Interesting. So a callback would run in a system-managed thread, and
that would post a custom message in an IOCP for us to read, kinda like
the fake waitpid() thing? Seems a bit gross and context-switchy but I
agree that the 64 event limit is also terrible.

> Medium term that'd also be a small step towards using readiness based APIs in
> a few places...

Yeah, that would be cool.

> > I think we could get the same effect as pgwin32_select() more cheaply
> > by doing the initial WaitForMultipleEvents() call with the caller's
> > timeout exactly as we do today, and then, while we have space,
> > repeatedly calling
> > WaitForMultipleEvents(handles=&events[last_signaled_event_index + 1],
> > timeout=0) until it reports timeout.
>
> That would make sense, and should indeed be reasonable cost-wise.

Cool.

> > I mention this now because I'm not sure whether to consider this an
> > 'open item' for 16, or merely an enhancement for 17. I guess the
> > former, because someone might call that a new denial of service
> > vector.
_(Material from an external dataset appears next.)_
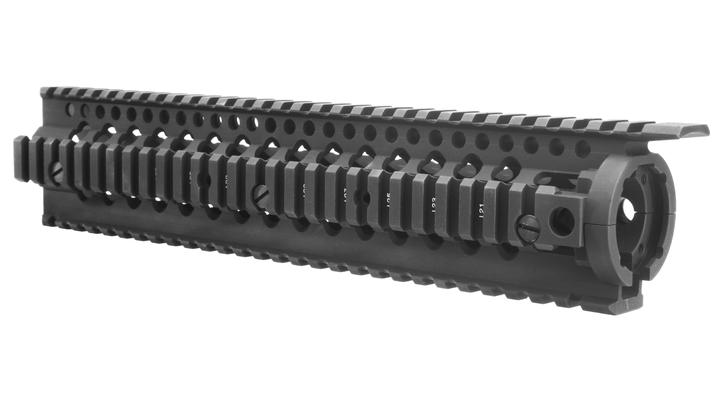 MadBull / Daniel Defense M4 / M16 Aluminium Omega Rail RAS 12.0 Zoll schwarz Bild 1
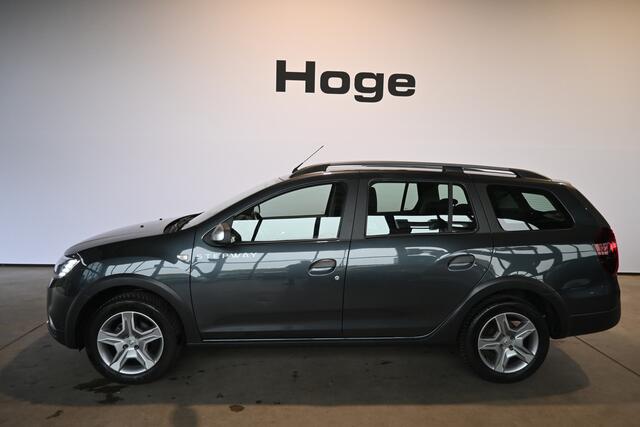 Dacia LOGAN MCV 0.9 TCe Stepway Airco Navigatie Trekhaak 100% Onderhouden! Inruil Mogelijk!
On the other hand, if you fill up the listen queue for socket
> > 1 with enough vigour, you're also denying service to socket 1, so I
> > don't know if it's worth worrying about. Opinions on that?
>
> I'm not sure either. It doesn't strike me as a particularly relevant
> bottleneck. And the old approach of doing more work for every single
> connection also made many connections worse, I think?
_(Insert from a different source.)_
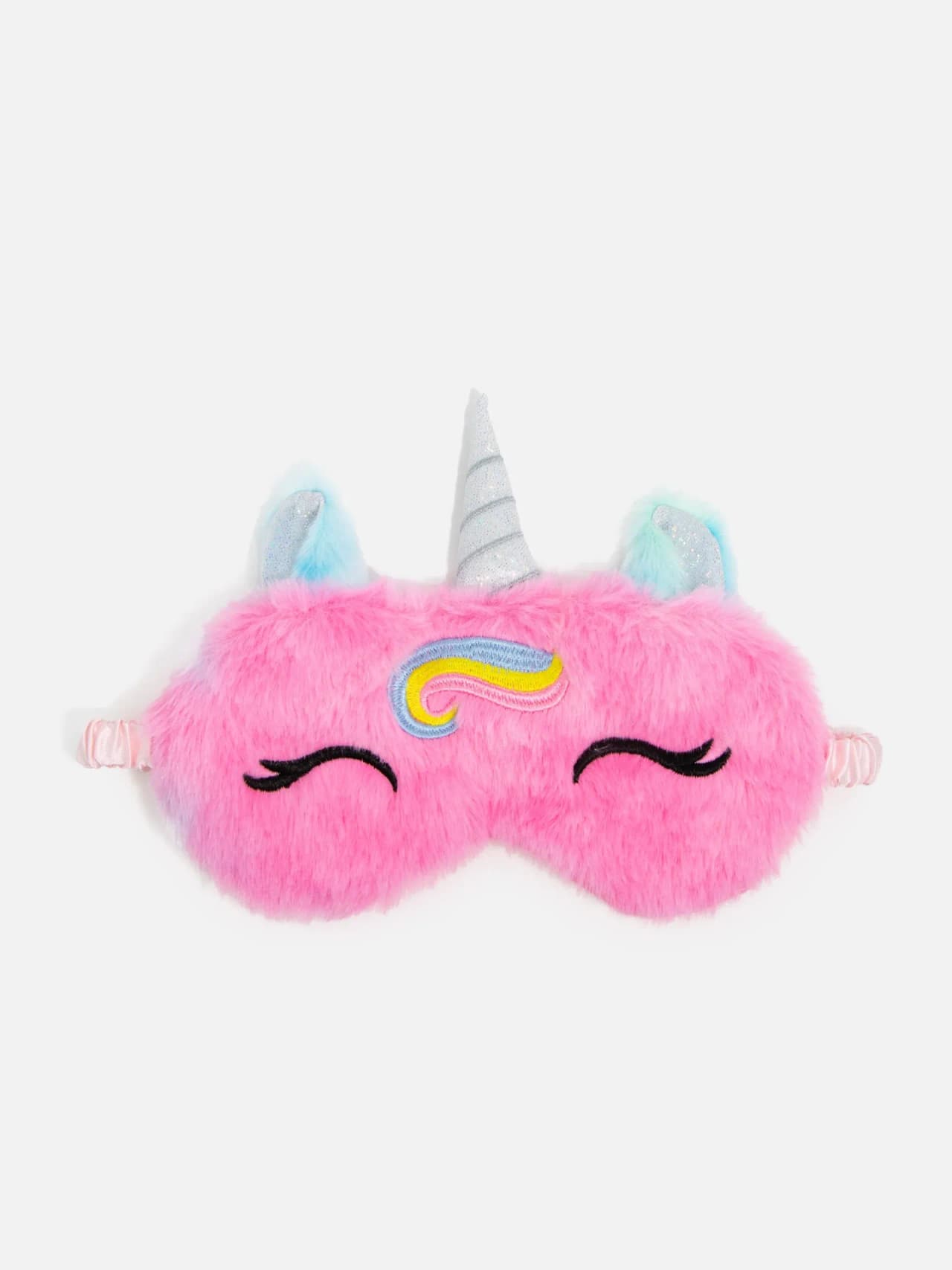 Rosa Plush Barn Sovmask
Alright, let's see if anyone else thinks this is worth fixing for 16.

> > diff --git a/src/backend/storage/ipc/latch.c b/src/backend/storage/ipc/latch.c
> > index f4123e7de7..cc7b572008 100644
> > --- a/src/backend/storage/ipc/latch.c
> > +++ b/src/backend/storage/ipc/latch.c
> > @@ -2025,6 +2025,8 @@ WaitEventSetWaitBlock(WaitEventSet *set, int cur_timeout,
> > */
> > cur_event = (WaitEvent *) &set->events[rc - WAIT_OBJECT_0 - 1];
> >
> > +loop:
> > +
>
> As far as I can tell, we'll never see WL_LATCH_SET or WL_POSTMASTER_DEATH. I
> think it'd look cleaner to move the body of if (cur_event->events & WL_SOCKET_MASK)
> into a separate function that we then also can call further down.

We could see them, AFAICS, and I don't see much advantage in making
that assumption? Shouldn't we just shove it in a loop, just like the
other platforms' implementations? Done in this version, which is best
viewed with git show --ignore-all-space.

> Seems like we could use returned_events to get nevents in the way you want it,
> without adding even more ++/-- to each of the different events?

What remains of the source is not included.